Fnac Darty’s online sales rose more than 50% in the first half, it said late Tuesday as it reported a 2.1% increase in total revenue. The company got a new CEO this month in Enrique Martinez, who had been in charge of integrating the Fnac and Darty brands in France, after Alexandre Bompard left to take the top job at retailer Carrefour.
Metro is changing its name to Ceconomy AG as it focuses on consumer electronics after splitting off grocery and cash-and-carry businesses. The company has said the splitup would increase flexibility to make acquisitions, with CEO Pieter Haas saying he plans to drive consolidation of the sector across the continent.
‘Obvious Prey’
“The investment in Fnac Darty is a great opportunity for Ceconomy,” Haas said in a statement. “First, we gain exposure to the highly attractive French market and second, it delivers on our ambition to further strengthen our position as the leading European platform for consumer electronics-related businesses.”

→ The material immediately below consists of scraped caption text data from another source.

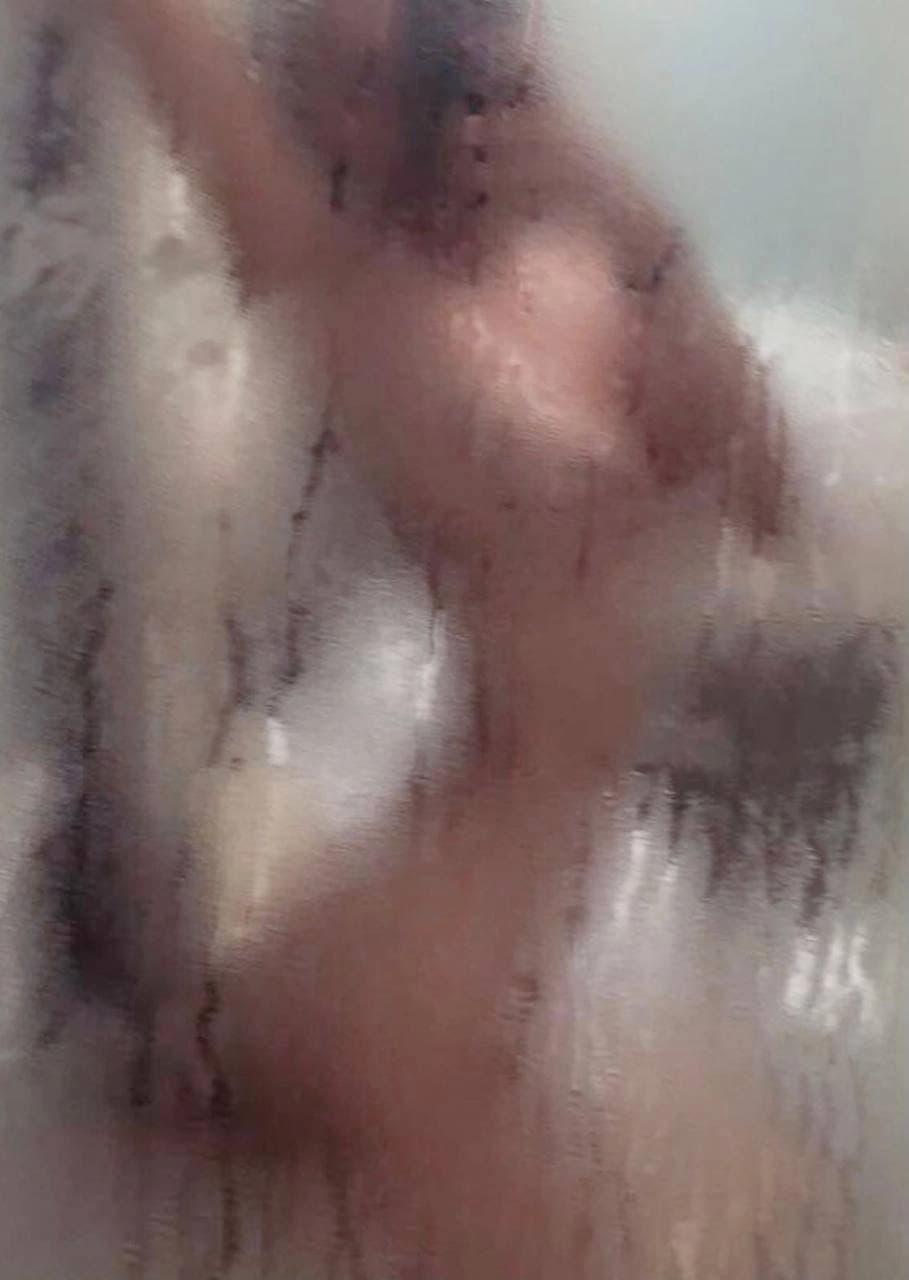 Image of Horny British Paki Slim Sexy Snapchat Girl Fully Nude Stripping Ass Show And Private Leaked Selfie Pics And 4 Videos Collection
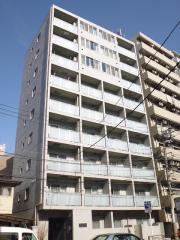 京急本線京急川崎駅まで徒歩9分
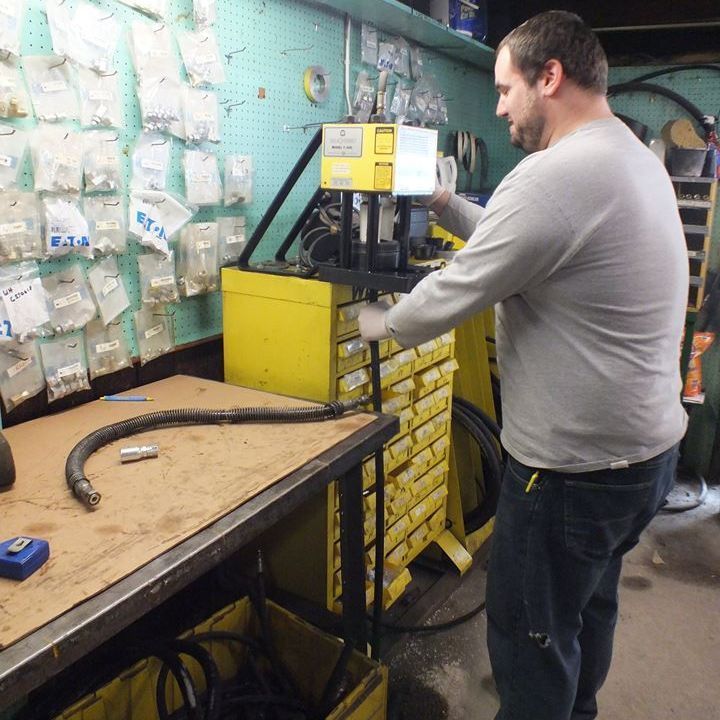 Daddio's Used Auto Parts Inc - Seymour Informative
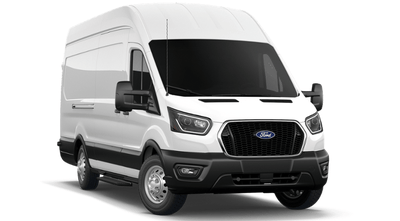 2027 Ford Transit 250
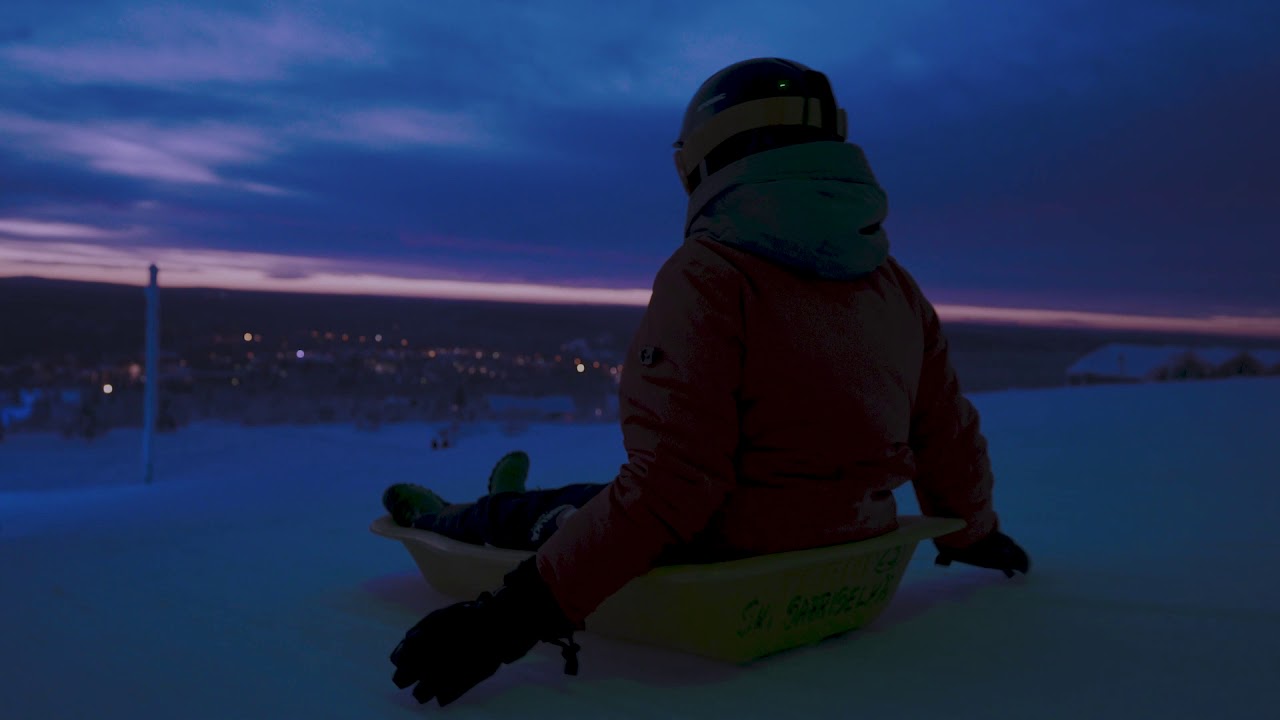 Aurora Experience  Ski Saariselk&auml;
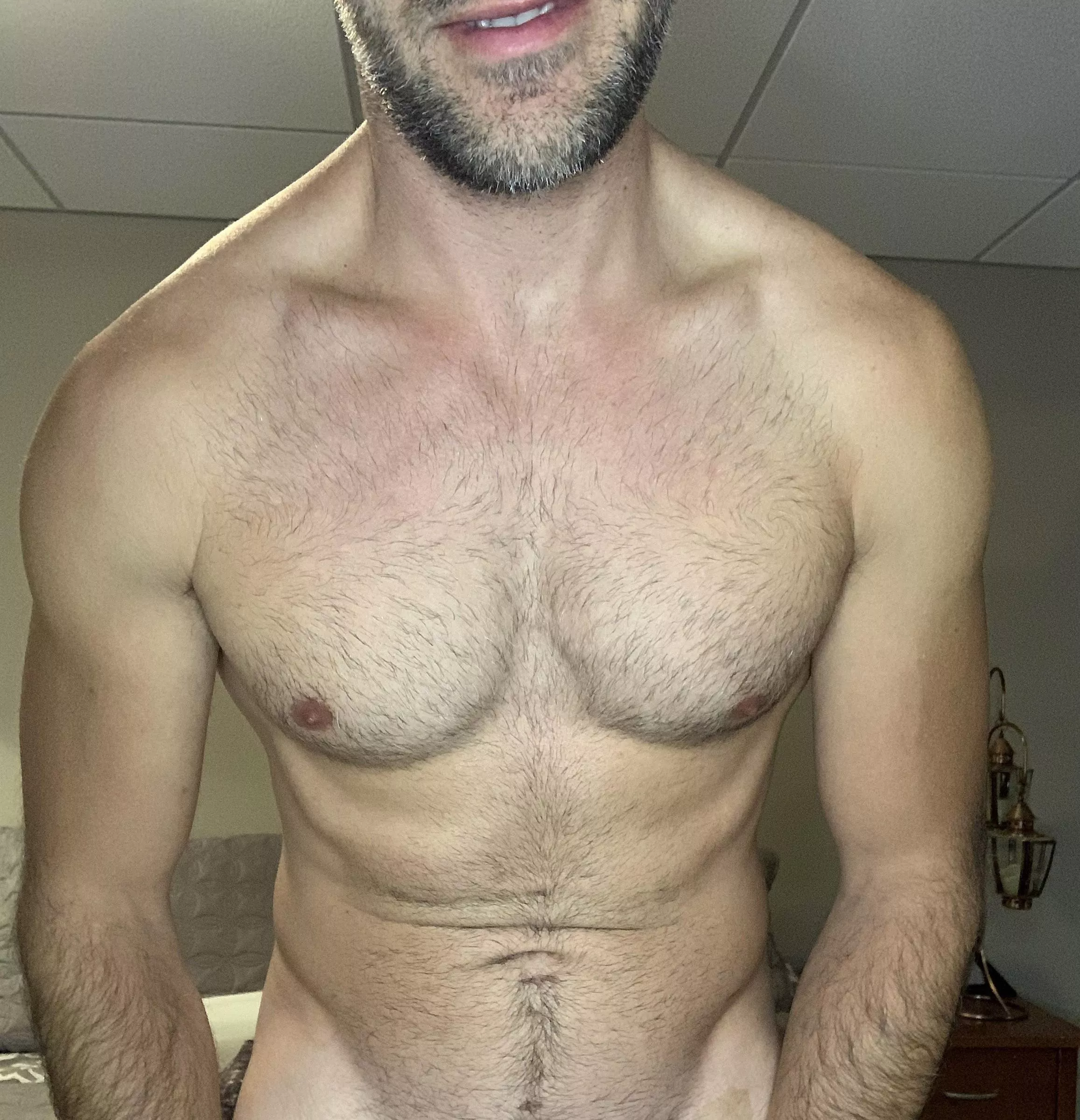 Wanna see what’s below?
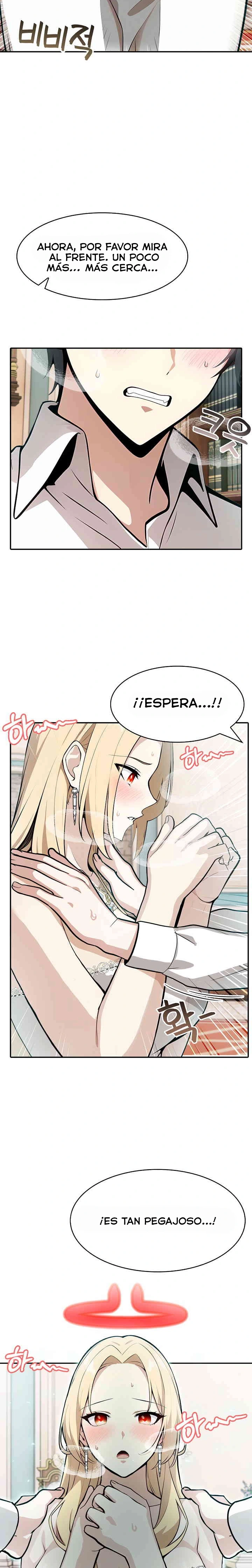 El Caballero Dragón En Otro Mundo Capítulo 8 - Page 2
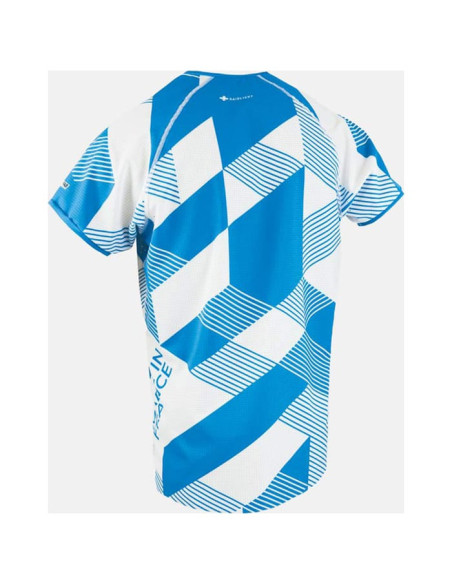 T-SHIRT MADE IN FRANCE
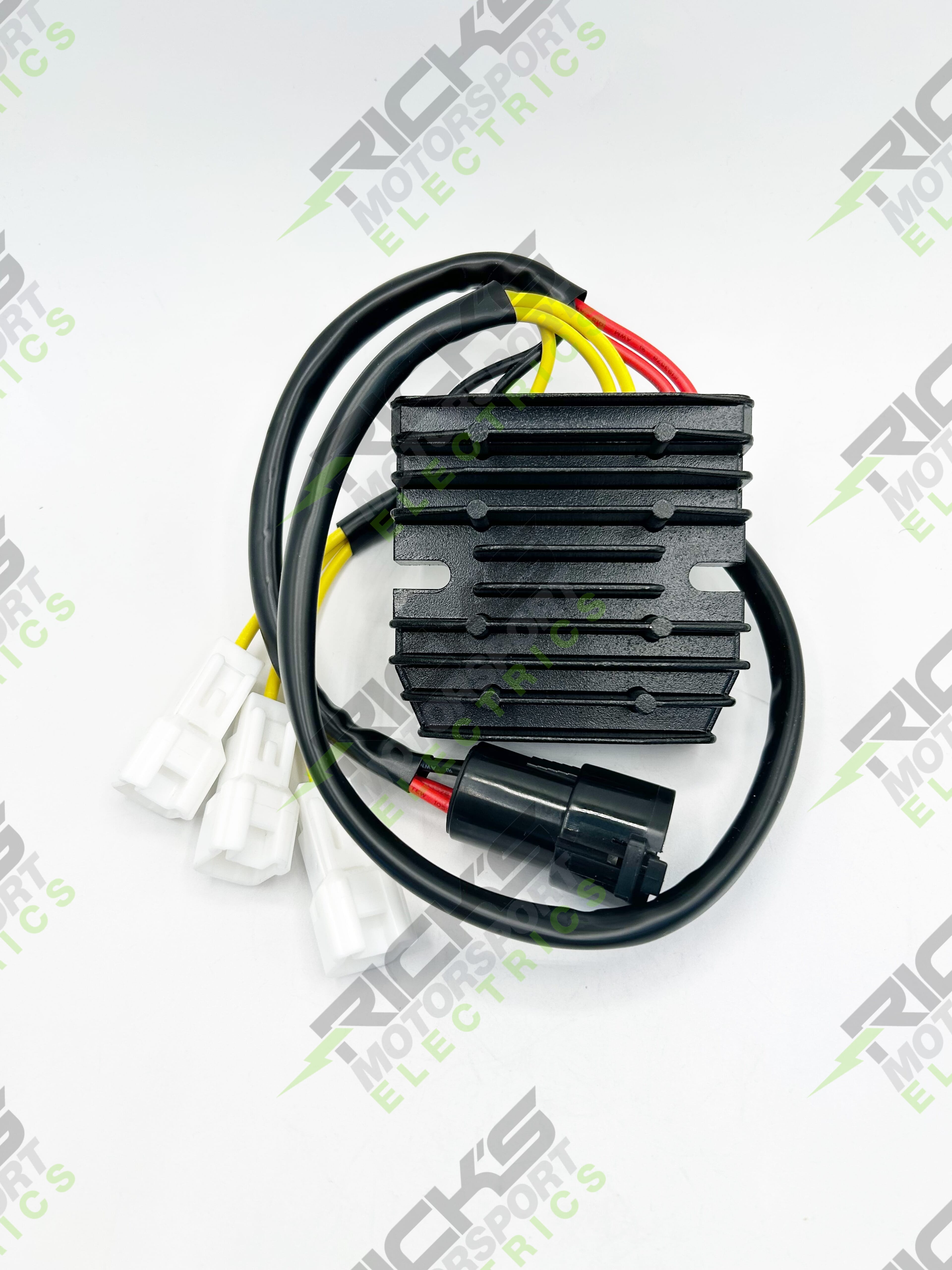 Hot Shot Series Kawasaki Rectifier Regulator Lithium Compatible 14_327H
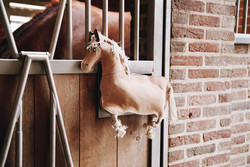 Kentucky Relax Horse Toy Pony, beige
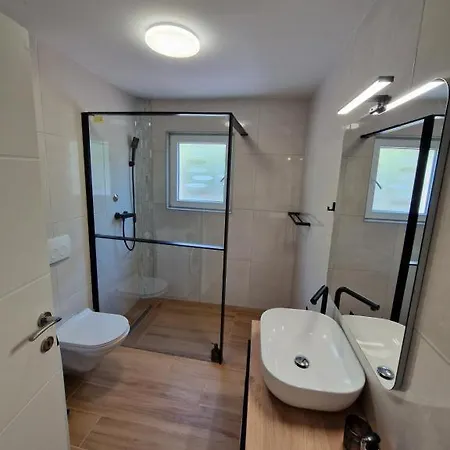 Caramella Apartman *
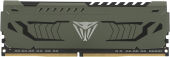 ������ DDR4 16Gb 3200MHz Patriot PVS416G320C6 Viper Steel RTL Gaming PC4-25600 CL16 DIMM 288-pin 1.35� � ���������� Ret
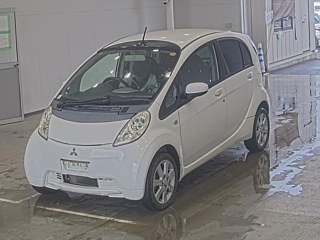MITSUBISHI I MIEV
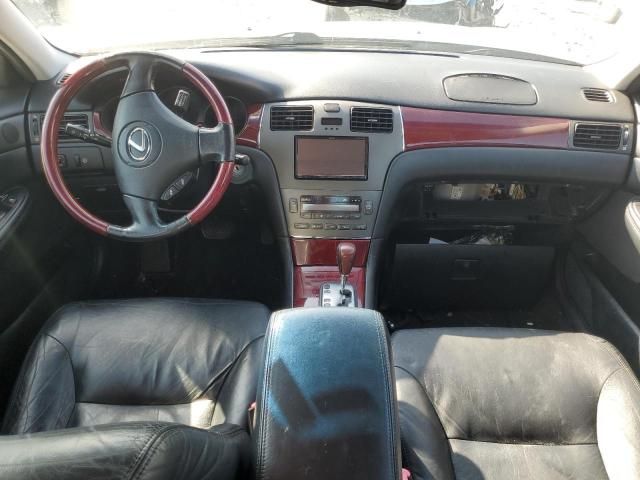 2004 Lexus ES 330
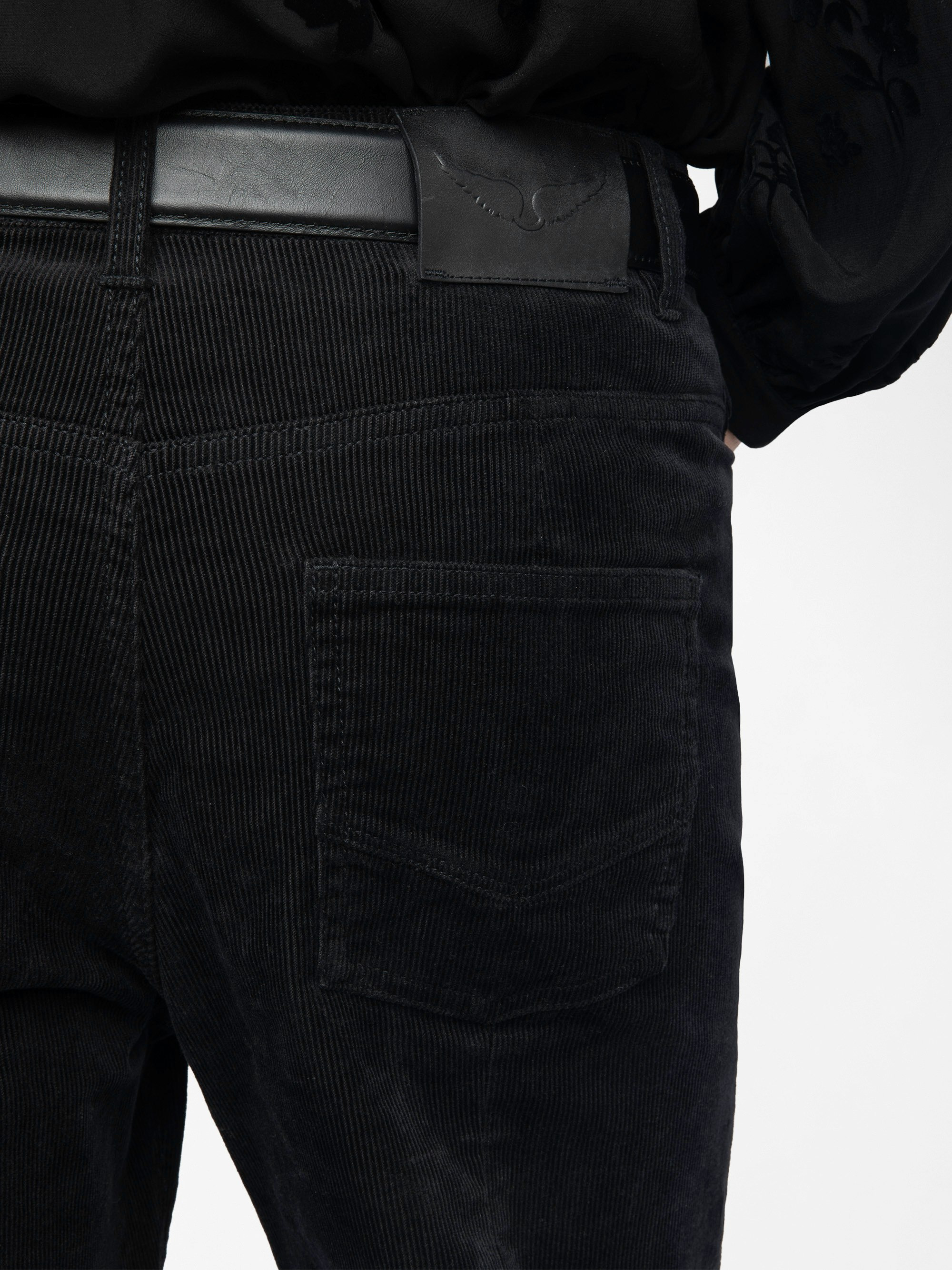 Evy Pants - 6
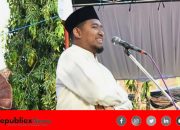 Festival Bazar Takjil Ramadhan di Sumenep, Ratusan UMKM Ramaikan Labang Mesem Keraton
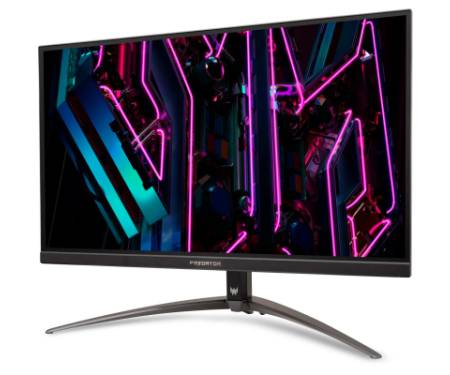 Монітор Acer XF270M3biiph (UM.HX0EE.319)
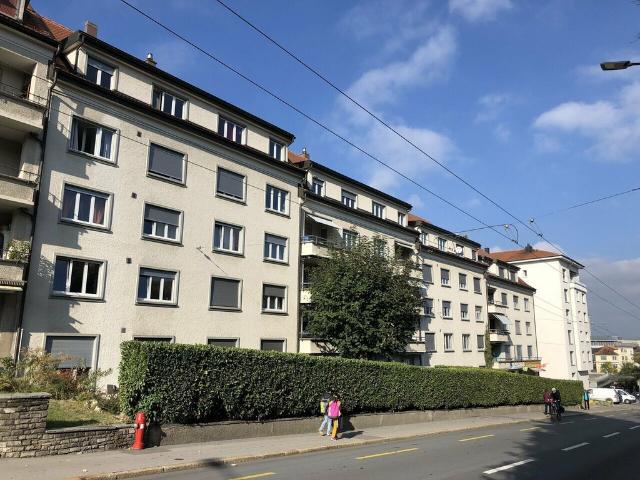 Studio mieten in Auge, Fribourg - Freiburg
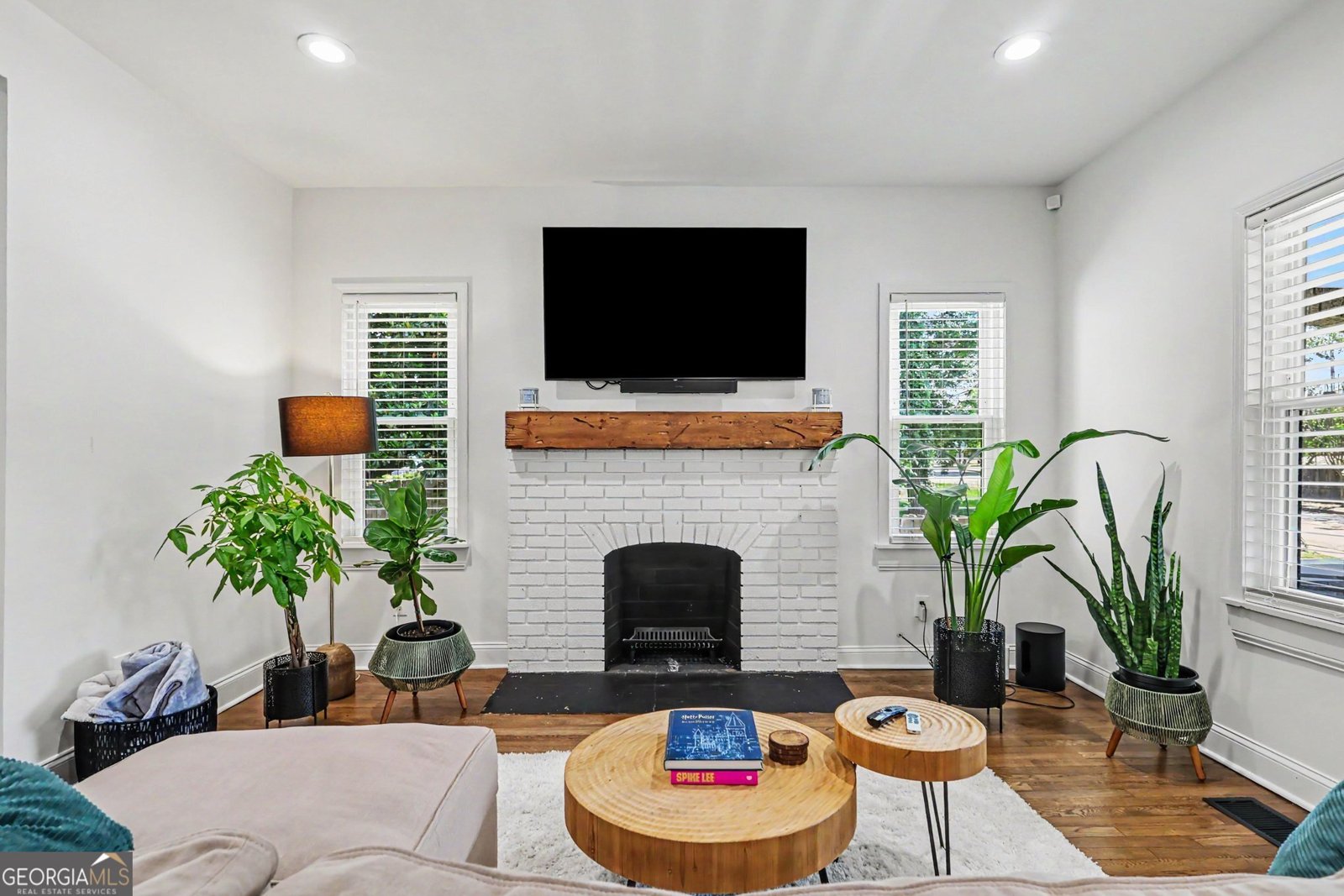 3672 Main Street Atlanta - Photo 7
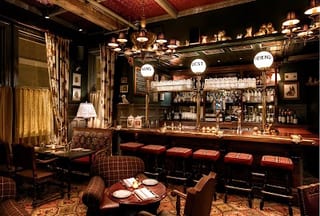 The Dandelion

Fnac Darty said it welcomed the Germany company’s investment. Ceconomy will have the right to propose three directors for Fnac Darty’s 12-member board, Malige said. That’s the same number of seats that Artemis now has.
Ceconomy “will be a reinforcement for the development of our group,” chairman Jacques Veyrat said in a separate statement.
Acquiring the stake in Fnac Darty buys time for the German company as it proceeds on a separate path from the wholesale business. The deal could complicate rival efforts to gain control of the French retailer, giving Ceconomy the option of a full takeover down the road. The company has limited experience in mergers and acquisitions, with its only sizeable purchase being a 2011 deal to buy online retailer Redcoon for €125 million.
“Fnac Darty has become more obvious prey as of today’s transaction,” wrote Cedric Lecasble, an analyst at Raymond James.
Metro agreed to raise the price if Fnac Darty gets a takeover offer in the next two years, under certain conditions, which include the French company accepting the bid.
Fnac Darty, with 660 stores across Europe, focuses on France and Switzerland, and also has a presence in the Benelux countries as well as on the Iberian peninsula. The future Ceconomy has about 1,000 stores in Germany, Austria and Switzerland, as well as Italy, Poland, Spain and Russia.